J. Daniel Arthur is a founding member of ALL Consulting and has served as the company’s President since its inception in 1999. He is a petroleum engineer specializing in fossil energy, planning, engineering analysis and environmental issues, with over 25 years’ experience. Mr. Arthur also has experience evaluating large-scale resource plays, conducting implication analysis of new laws and regulations, and evaluating options for developing resources.

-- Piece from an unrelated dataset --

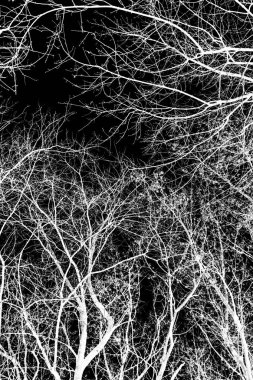 ağaç dalları siluet siyah arka plan üzerine beyaz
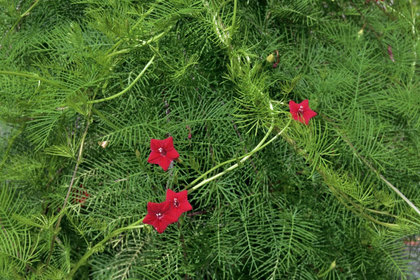 花屋を銀座でお探しならKT.Flowerへ　花言葉　誕生花　ルコウソウ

Brian Bohm is Senior Geologist for ALL Consulting. For the past 12 years, he has acted as a Lead Technical Researcher for contracts with the US Department of Energy’s National Energy Technology Laboratory in Tulsa, Oklahoma. Through these contracts, Mr. Bohm has been involved in research on emerging resource development and unconventional plays, stormwater regulations relative to the upstream industry, produced water reduction methods and more. His research and analysis related to key national issues of energy development have influenced environmental regulations to encourage drilling operations in emerging energy plays.


Mark Layne is a Vice President and the Senior Reservoir Engineer at ALL Consulting. He has participated in a variety of production and injection reservoir analyses (inclusive of numerical black oil, aquifer models and analytical models) as well as production management services for oil and gas industry clients. Dr. Layne has over 15 years of experience in the design and modeling of oil, gas and industrial waste disposal wells. He also provides consulting services for more than 22 state oil and gas regulatory agencies and the US Environmental Protection Agency on oil and gas data management.